On Tue, Jun 25, 2024 at 10:32:26AM +0900, yskelg@xxxxxxxxx wrote:
> From: Yunseong Kim <yskelg@xxxxxxxxx>
>
> A null pointer is stored in a local variable after a call of the function
> "kzalloc" failed. This pointer was passed to a subsequent call of the
> function "raw3270_setup_device" where an undesirable dereference will be
> performed then. Thus add corresponding return value checks.
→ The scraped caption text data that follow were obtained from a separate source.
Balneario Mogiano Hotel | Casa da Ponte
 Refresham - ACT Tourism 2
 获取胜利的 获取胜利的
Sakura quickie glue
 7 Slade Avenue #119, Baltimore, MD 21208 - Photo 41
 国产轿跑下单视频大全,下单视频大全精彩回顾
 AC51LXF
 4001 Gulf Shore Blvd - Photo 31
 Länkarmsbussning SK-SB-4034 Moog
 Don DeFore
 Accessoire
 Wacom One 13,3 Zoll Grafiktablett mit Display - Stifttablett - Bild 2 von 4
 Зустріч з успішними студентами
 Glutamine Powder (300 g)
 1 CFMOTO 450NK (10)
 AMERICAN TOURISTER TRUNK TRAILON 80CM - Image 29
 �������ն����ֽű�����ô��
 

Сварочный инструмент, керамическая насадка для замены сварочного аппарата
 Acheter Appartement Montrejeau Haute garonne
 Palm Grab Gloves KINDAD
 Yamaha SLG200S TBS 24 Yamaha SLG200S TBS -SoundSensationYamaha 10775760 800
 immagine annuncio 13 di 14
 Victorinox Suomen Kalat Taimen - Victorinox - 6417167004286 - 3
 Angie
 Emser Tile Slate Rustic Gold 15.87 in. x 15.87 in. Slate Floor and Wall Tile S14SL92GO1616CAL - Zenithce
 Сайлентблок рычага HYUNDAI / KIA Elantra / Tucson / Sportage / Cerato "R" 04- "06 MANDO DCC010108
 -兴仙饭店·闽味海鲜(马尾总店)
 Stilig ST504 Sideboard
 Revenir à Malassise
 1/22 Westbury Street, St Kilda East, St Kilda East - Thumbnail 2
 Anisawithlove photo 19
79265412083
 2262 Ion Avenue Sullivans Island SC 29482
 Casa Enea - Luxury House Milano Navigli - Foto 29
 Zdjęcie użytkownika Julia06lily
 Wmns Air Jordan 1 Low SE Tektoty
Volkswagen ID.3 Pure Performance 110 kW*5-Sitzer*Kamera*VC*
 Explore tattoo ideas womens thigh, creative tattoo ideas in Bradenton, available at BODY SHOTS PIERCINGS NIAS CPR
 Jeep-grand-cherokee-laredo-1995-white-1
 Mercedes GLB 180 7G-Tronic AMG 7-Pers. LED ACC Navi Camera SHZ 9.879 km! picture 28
> The allocated each memory areas are immediately overwritten by the called
> function zero-initialisation be omitted by calling the "kmalloc" instead.
> After "ccw_device_enable_console" succeeds, set the bit raw3270 flag to
> RAW3270_FLAGS_CONSOLE.
>
> Fixes: 33403dcfcdfd ("[S390] 3270 console: convert from bootmem to slab")
> Cc: linux-s390@xxxxxxxxxxxxxxx
> Signed-off-by: Yunseong Kim <yskelg@xxxxxxxxx>
> ---
> drivers/s390/char/raw3270.c | 20 +++++++++++++++-----
> 1 file changed, 15 insertions(+), 5 deletions(-)
...
> rc = raw3270_setup_device(cdev, rp, ascebc);
> - if (rc)
> + if (rc) {
> + kfree(ascebc);
> + kfree(rp);
> return ERR_PTR(rc);
> - set_bit(RAW3270_FLAGS_CONSOLE, &rp->flags);
> -
> + }
> rc = ccw_device_enable_console(cdev);
> if (rc) {
> ccw_device_destroy_console(cdev);
> + kfree(ascebc);
> + kfree(rp);
> return ERR_PTR(rc);
> }
> + set_bit(RAW3270_FLAGS_CONSOLE, &rp->flags);
Why did you move the set_bit() call?